British factory output is on track for its fastest growth since 2014 this year as a stronger world economy offsets uncertainty about future exports to the European Union. However, the outlook for 2018 appears  darker, an industry trade body said yesterday.

The EEF, which represents British manufacturers, revised up its forecast for factory output this year to 1.3 per cent from one per cent three months ago after its members reported buoyant orders in its latest quarterly survey.

The prospects for next year are less bright, with factory output growth forecast to slow to 0.5 per cent in 2018 – though this is less of a decline than the EEF had previously predicted.

“While growth and confidence haven’t been knocked off track by the snap election, it is not plain sailing from here,” EEF economist Lee Hopley said, highlighting rising raw material costs, skills shortages and insufficient investment.

Britons head to the polls on Thursday in a national election called by Prime Minister Theresa May to boost her parliamentary majority before she starts two years of talks to leave the European Union.

One of May’s main priorities is to regain the power to curb migration from the EU and more than halve the annual net inflow of immigrants to Britain to less than 100,000 a year.

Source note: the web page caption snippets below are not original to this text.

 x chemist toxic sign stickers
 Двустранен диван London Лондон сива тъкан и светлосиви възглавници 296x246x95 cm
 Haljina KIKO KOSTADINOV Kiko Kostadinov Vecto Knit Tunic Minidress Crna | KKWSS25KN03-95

Businesses have greeted this with little enthusiasm, and the EU has said any migration curbs will limit Britain’s ability to export to the EU after the country leaves in 2019.

“It is vital that we remain open for business and negotiate new trade agreements with the EU and other key markets so that international markets remain open and accessible as soon as Brexit is completed,” said Tom Lawton, a partner at accountancy firm BDO, which sponsors the EEF quarterly survey.

Last quarter the EEF’s members reported robust growth and yesterday’s survey showed that they expected it to continue during the current quarter, despite official data which showed a much softer performance in the first three months of this year. Separate figures from the Markit/CIPS Purchasing Managers’ Index last week showed that manufacturing activity grew at its fastest rate in three years in April and May. Unlike the PMI, the EEF data suggested this was led by exports, not just domestic demand.

While sterling’s weakness since last year’s Brexit vote played a role, a bigger factor was stronger growth in Asia, North America, and continental Europe, the EEF said.